Selected from cycloalkyl of m, m represents the degree of polymerization, and j represents 0 ≦ j ≦ 1) or the general formula: (In the formula, R ¹ is selected from hydrogen, alkyl having ^{1 to} 6 carbons and cycloalkyl having 5 to 7 carbons, R ² is selected from hydrogen and methyl, m is the degree of polymerization, and j is 0 < 70-100% of the total of primary and secondary amino groups (NH) in the polyallylamine-based polymer represented by
Alkali metal chloride dithiocarbamate (NC (= S)

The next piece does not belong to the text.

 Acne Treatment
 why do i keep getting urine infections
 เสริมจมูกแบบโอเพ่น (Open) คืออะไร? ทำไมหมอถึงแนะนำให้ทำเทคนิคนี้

-SM, where M is selected from the alkali metals Li, Na and K). 3. A general formula: (In the formula, R ¹ is alkyl having ¹ to 6 carbons and 5 to 7 carbons.
Selected from cycloalkyl of M, selected from alkali metals of Li, Na, and K, m represents a degree of polymerization, and j is 0 ≦ j.
≦ 1) or the general formula: (In the formula, R ¹ is selected from hydrogen, alkyl having ^{1 to} 6 carbons and cycloalkyl having 5 to 7 carbons, M is Li, Na,
A heavy polymer scavenger containing a polymer selected from the alkali metals of K, R ² selected from hydrogen and methyl, m represents the degree of polymerization, and j represents 0 <j ≦ 1). 4. A general formula: (In the formula, R ¹ is alkyl having ¹ to 6 carbons and 5 to 7 carbons.
Selected from cycloalkyl of M, selected from alkali metals of Li, Na, and K, m represents a degree of polymerization, and j is 0 ≦ j.
≦ 1) or the general formula: (In the formula, R ¹ is selected from hydrogen, alkyl having ^{1 to} 6 carbons and cycloalkyl having 5 to 7 carbons, M is Li, Na,
Alkali metal chlorinated polymer of dithiocarbamate represented by the formula: K selected from alkali metals, R ² selected from hydrogen and methyl, m represents the degree of polymerization, and j represents 0 <j ≦ 1. 5. A general formula: (In the formula, R ¹ is alkyl having ¹ to 6 carbons and 5 to 7 carbons.
Selected from cycloalkyl of m, m represents the degree of polymerization, and j represents 0 ≦ j ≦ 1) or the general formula: (In the formula, R ¹ is selected from hydrogen, alkyl having ^{1 to} 6 carbons and cycloalkyl having 5 to 7 carbons, R ² is selected from hydrogen and methyl, m is the degree of polymerization, and j is 0 < The polymer heavy metal scavenger according to claim 1 or 3, wherein a polyallylamine-based polymer represented by j <1) or a salt thereof is reacted with carbon disulfide in the presence of an alkali. Manufacturing method. 6. A general formula: (In the formula, R ¹ is alkyl having ¹ to 6 carbons and 5 to 7 carbons.
Selected from cycloalkyl of m, m represents the degree of polymerization, and j represents 0 ≦ j ≦ 1) or the general formula: (In the formula, R ¹ is selected from hydrogen, alkyl having ^{1 to} 6 carbons and cycloalkyl having 5 to 7 carbons, R ² is selected from hydrogen and methyl, m is the degree of polymerization, and j is 0 < 5. The polyallylamine-based polymer represented by the formula (j ≦ 1) or a salt thereof is reacted with carbon disulfide in the presence of an alkali. Manufacturing method of coalescence.